(Supplied information Opens)
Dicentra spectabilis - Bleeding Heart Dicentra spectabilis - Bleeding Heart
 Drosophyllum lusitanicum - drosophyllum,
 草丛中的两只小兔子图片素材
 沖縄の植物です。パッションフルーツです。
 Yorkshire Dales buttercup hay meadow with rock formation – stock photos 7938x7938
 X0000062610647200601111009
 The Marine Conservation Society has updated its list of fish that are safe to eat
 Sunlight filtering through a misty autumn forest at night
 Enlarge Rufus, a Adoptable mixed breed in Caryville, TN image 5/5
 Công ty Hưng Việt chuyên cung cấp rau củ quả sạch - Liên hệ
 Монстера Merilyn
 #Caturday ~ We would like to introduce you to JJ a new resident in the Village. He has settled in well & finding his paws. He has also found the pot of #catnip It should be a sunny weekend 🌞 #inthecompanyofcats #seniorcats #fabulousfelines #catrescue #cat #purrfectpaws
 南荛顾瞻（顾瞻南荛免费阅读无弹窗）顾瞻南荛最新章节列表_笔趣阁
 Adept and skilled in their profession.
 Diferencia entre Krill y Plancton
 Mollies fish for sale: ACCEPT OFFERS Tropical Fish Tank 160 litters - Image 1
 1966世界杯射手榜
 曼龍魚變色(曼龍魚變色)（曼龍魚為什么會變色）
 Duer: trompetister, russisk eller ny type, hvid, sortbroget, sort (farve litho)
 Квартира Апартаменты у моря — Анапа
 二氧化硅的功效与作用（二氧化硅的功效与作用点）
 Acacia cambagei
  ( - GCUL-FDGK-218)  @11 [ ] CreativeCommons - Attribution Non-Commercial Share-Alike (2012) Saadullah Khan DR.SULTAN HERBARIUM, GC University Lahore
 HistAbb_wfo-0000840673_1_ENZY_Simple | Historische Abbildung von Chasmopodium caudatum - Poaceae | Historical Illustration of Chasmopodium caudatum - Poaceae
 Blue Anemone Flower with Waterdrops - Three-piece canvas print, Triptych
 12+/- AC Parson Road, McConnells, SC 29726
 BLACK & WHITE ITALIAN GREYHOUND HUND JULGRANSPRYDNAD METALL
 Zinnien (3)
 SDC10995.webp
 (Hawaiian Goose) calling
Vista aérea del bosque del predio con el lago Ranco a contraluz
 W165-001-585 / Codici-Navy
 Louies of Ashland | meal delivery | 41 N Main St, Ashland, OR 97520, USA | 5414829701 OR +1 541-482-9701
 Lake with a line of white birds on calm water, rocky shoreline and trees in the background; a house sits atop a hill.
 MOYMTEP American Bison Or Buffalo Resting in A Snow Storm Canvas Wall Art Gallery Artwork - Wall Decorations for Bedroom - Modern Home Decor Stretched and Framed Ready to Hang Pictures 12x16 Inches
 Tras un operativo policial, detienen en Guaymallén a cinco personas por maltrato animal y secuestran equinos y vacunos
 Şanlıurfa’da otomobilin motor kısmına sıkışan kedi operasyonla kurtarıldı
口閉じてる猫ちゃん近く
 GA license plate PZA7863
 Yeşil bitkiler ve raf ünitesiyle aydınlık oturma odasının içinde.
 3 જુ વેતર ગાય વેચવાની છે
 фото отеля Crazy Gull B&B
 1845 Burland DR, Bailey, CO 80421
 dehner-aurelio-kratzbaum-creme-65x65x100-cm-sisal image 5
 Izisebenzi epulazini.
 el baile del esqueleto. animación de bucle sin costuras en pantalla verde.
(Supplied information Closes)
* Exercise *
In the listing above, find the line containing "SDC10995.webp" and the line containing "Louies of Ashland". Output them and every line between, exactly, and nothing else.

* Exercise solution *
 SDC10995.webp
 (Hawaiian Goose) calling
Vista aérea del bosque del predio con el lago Ranco a contraluz
 W165-001-585 / Codici-Navy
 Louies of Ashland | meal delivery | 41 N Main St, Ashland, OR 97520, USA | 5414829701 OR +1 541-482-9701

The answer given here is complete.